TASK STATEMENT :: Beginning with the line containing "Syriske regjeringsstyrker bombar", transcribe every line exactly down to the last one in the records below, and drop the pictures.

SOURCE MATERIAL ::
----
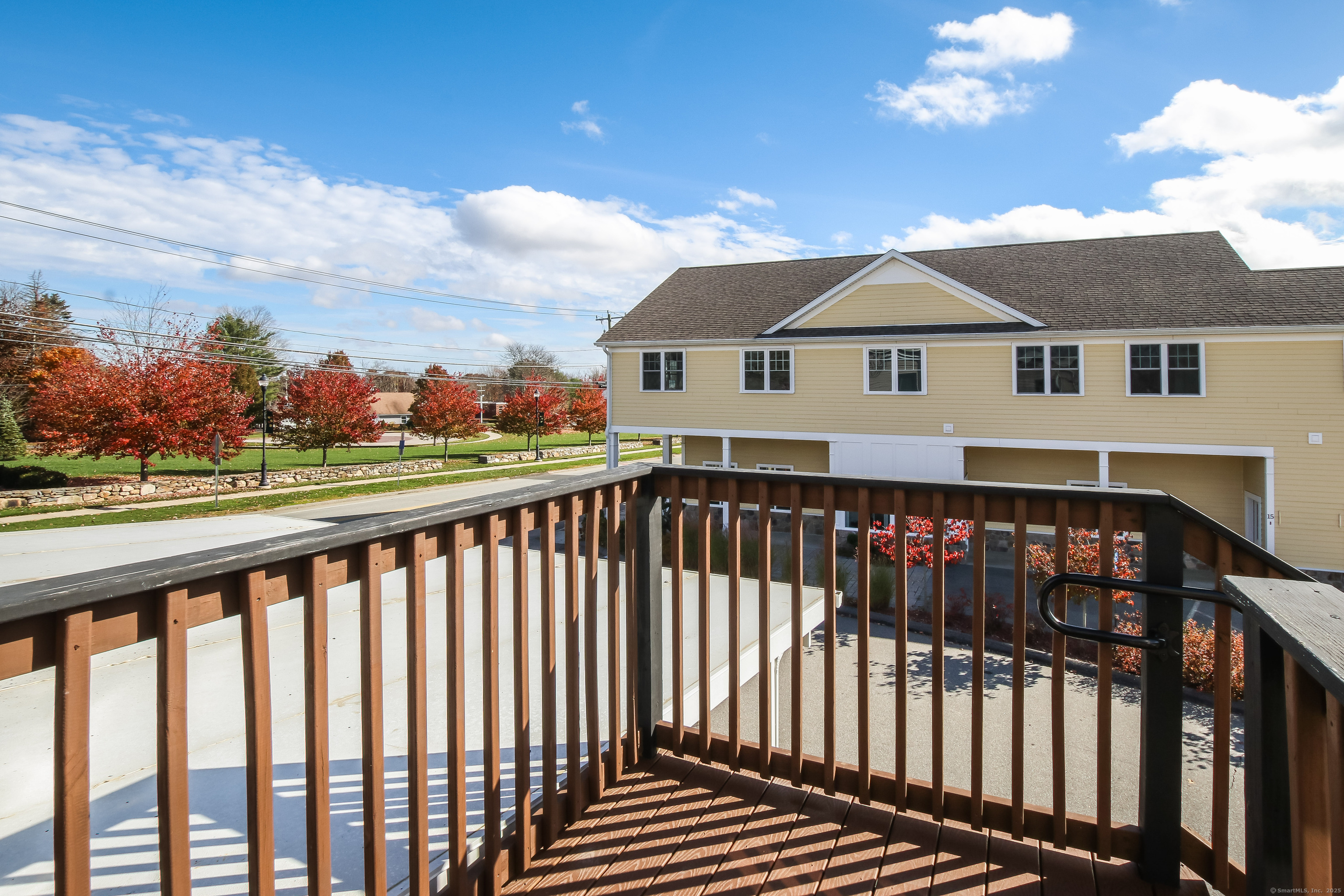 Marlborough, Connecticut 06447, United States, 2 Bedrooms Bedrooms, ,1 BathroomBathrooms,Residential,Pending,90963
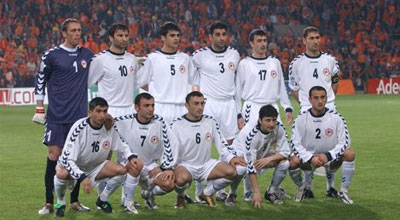 Ermənistan futbolçuları Azərbaycan millisinə “əlcək” atdılar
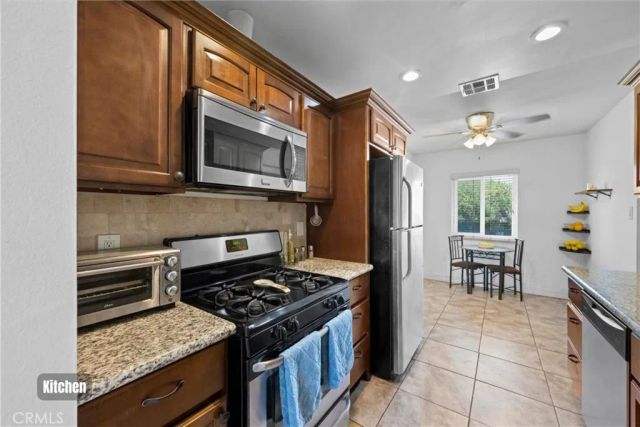 9326 Lemon Street, Fontana, CA 92335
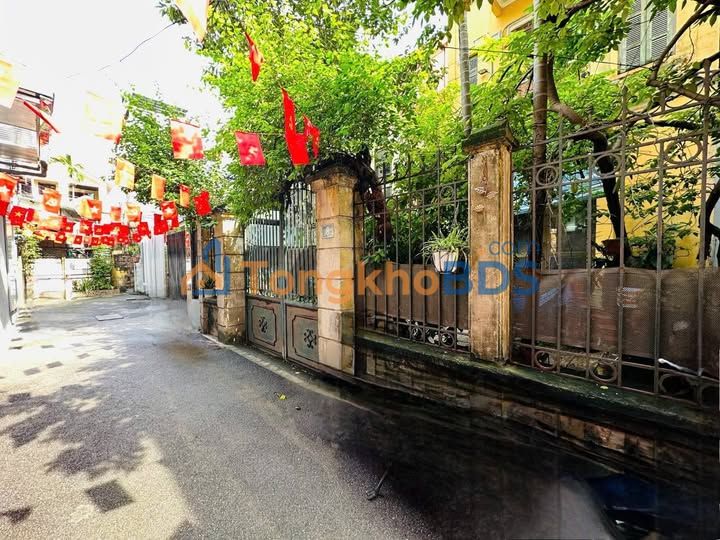 Bán nhà Lạc Long Quân, Tây Hồ 141m² 4 tầng - Sổ đỏ vuông, view Hồ Tây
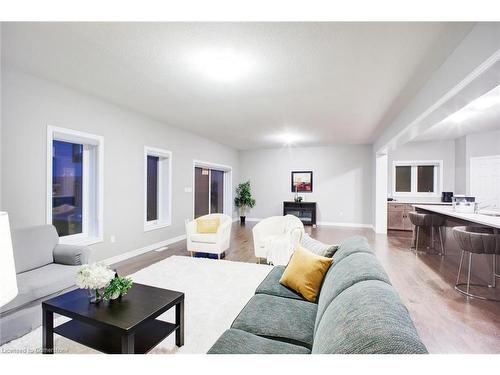 61 Broadacre Drive, Kitchener, ON - Indoor Photo Showing Living Room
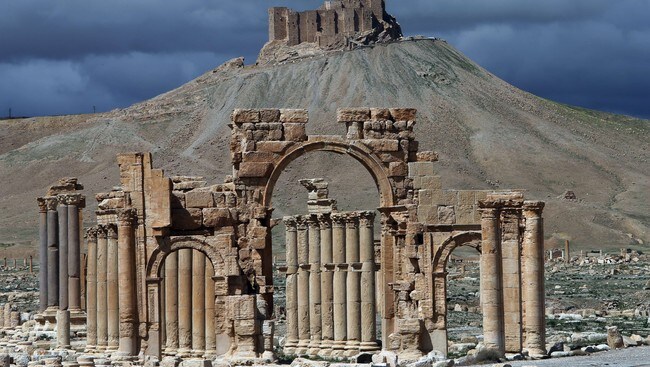 Syriske regjeringsstyrker bombar Palmyra. Privat video via sosiale medier (via Reuters)
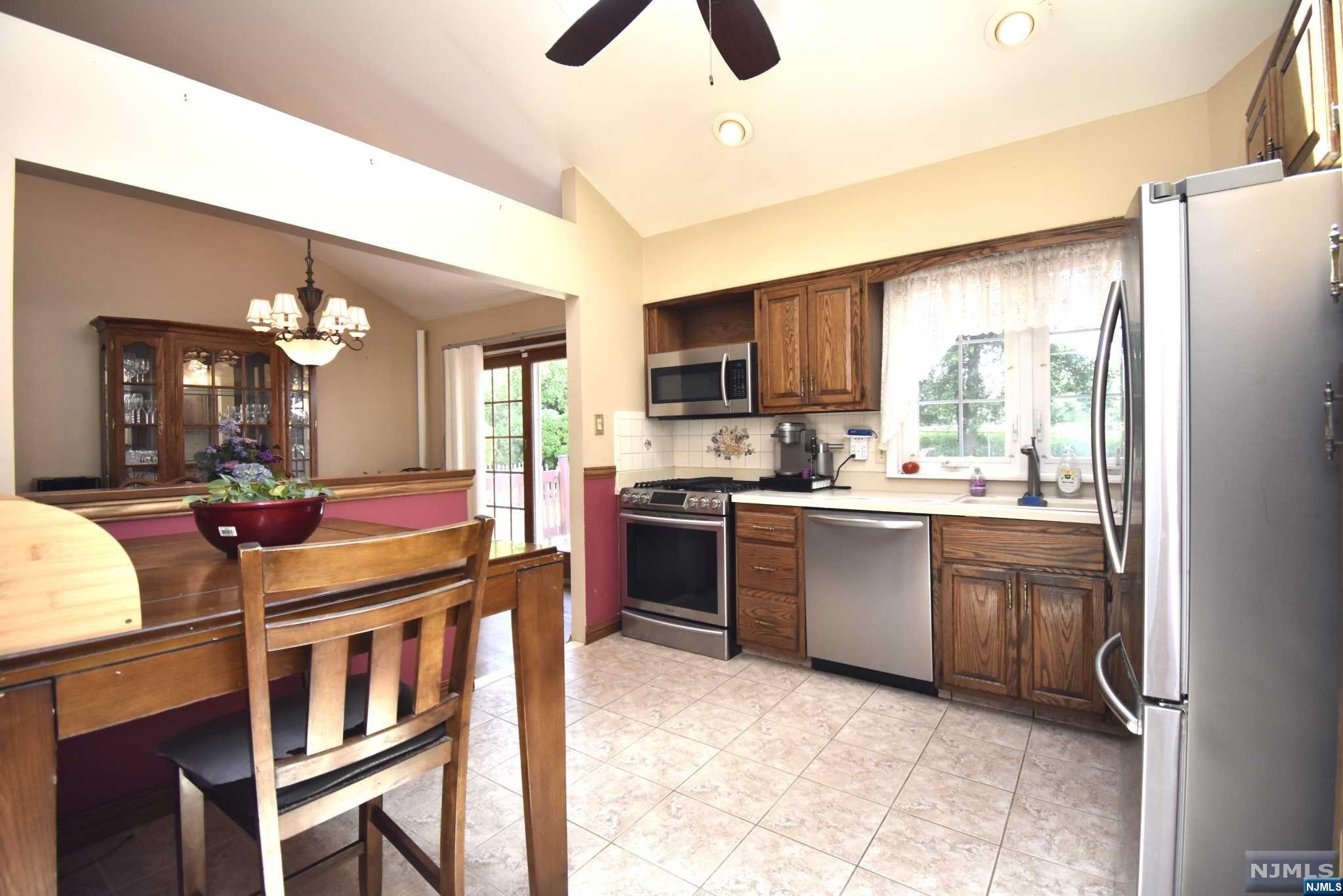 39 Cathyann Court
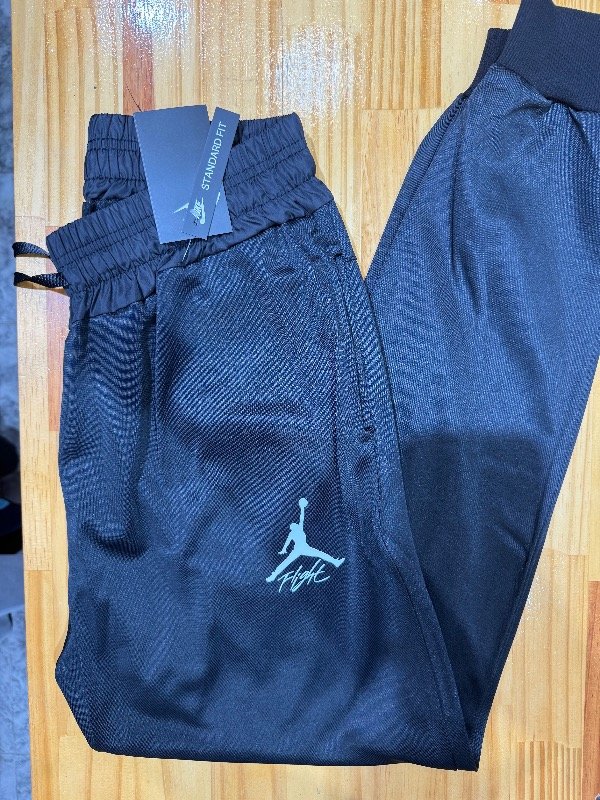 Producto - Pantalón friza invisible Jordan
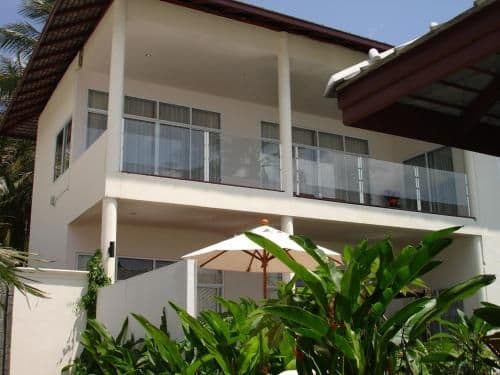 Apartment with Pool View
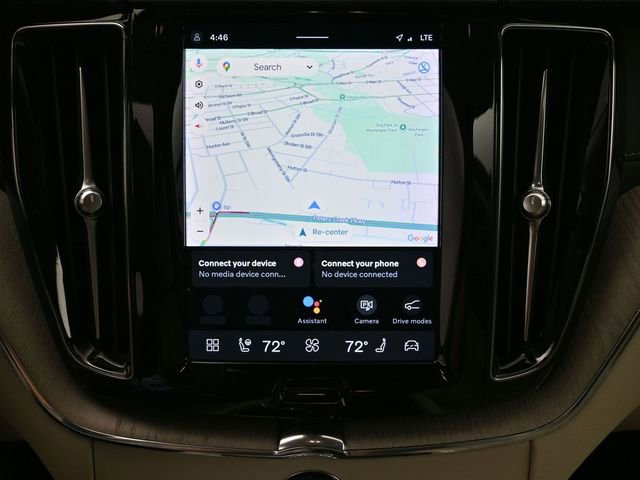 Used 2023 Volvo XC60 B6 Ultimate w/ Protection Package Premier image 14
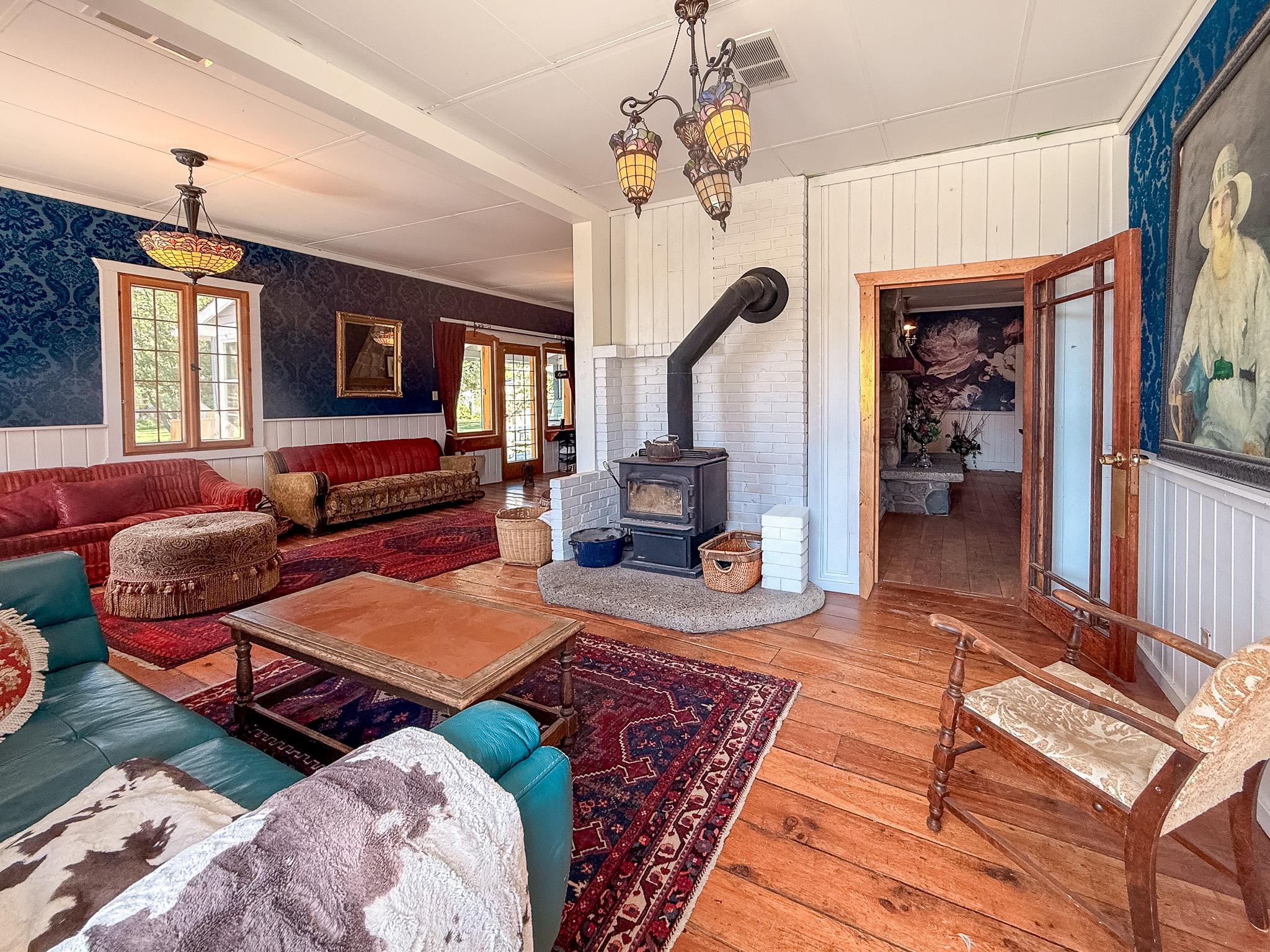 9215 Main Avenue, Wilmer, BC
----
OUTPUT ::
 Syriske regjeringsstyrker bombar Palmyra. Privat video via sosiale medier (via Reuters)
 39 Cathyann Court
 Producto - Pantalón friza invisible Jordan
 Apartment with Pool View
 Used 2023 Volvo XC60 B6 Ultimate w/ Protection Package Premier image 14
 9215 Main Avenue, Wilmer, BC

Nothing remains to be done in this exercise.